ATSI: Target Pemerataan Internet 100 Mbps Masih Hadapi Tantangan di Luar Jawa
·waktu baca 2 menit

Asosiasi Telekomunikasi Seluler Indonesia (ATSI) menilai target pemerataan internet cepat 100 Mbps di Indonesia masih menghadapi tantangan. Ketua Umum ATSI sekaligus Direktur Utama Telkom, Dian Siswarini, menegaskan bahwa tantangan terbesar ada pada pemerataan infrastruktur di luar Pulau Jawa.
Untuk mencapai kecepatan internet 100 Mbps diperlukan jaringan kabel serat optik (fiber optic) yang mumpuni, tidak hanya backbone tetapi juga akses.

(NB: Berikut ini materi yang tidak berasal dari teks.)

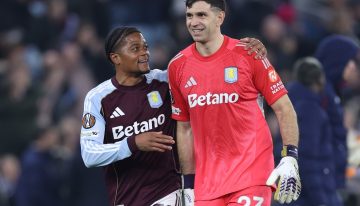 El Dibu Martínez dio un pase de arco a arco que terminó en gol: el saque magistral para salir de contra y poner a correr a los delanteros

Sedangkan pembangunan infrastruktur telekomunikasi di luar Jawa masih lebih mahal karena infrastruktur dasar seperti listrik dan transportasi belum merata.
Dian menambahkan, operator juga harus mempertimbangkan struktur biaya dan daya beli masyarakat. Selain itu, jika layanan internet 100 Mbps disalurkan melalui seluler, maka dibutuhkan dukungan perangkat 5G.
"Kalau ini (internet 100 Mbps) disalurkan melalui fiber optic, bagaimana operator ini mendapatkan infrastruktur yang lebih baik. Kedua, kalau akan diberikan layanan ini melalui selular tentu memerlukan perangkat 5G, karena memberikan layanan 100 Mbps dengan spektrum yang ada sekarang di 4G itu masih belum cukup."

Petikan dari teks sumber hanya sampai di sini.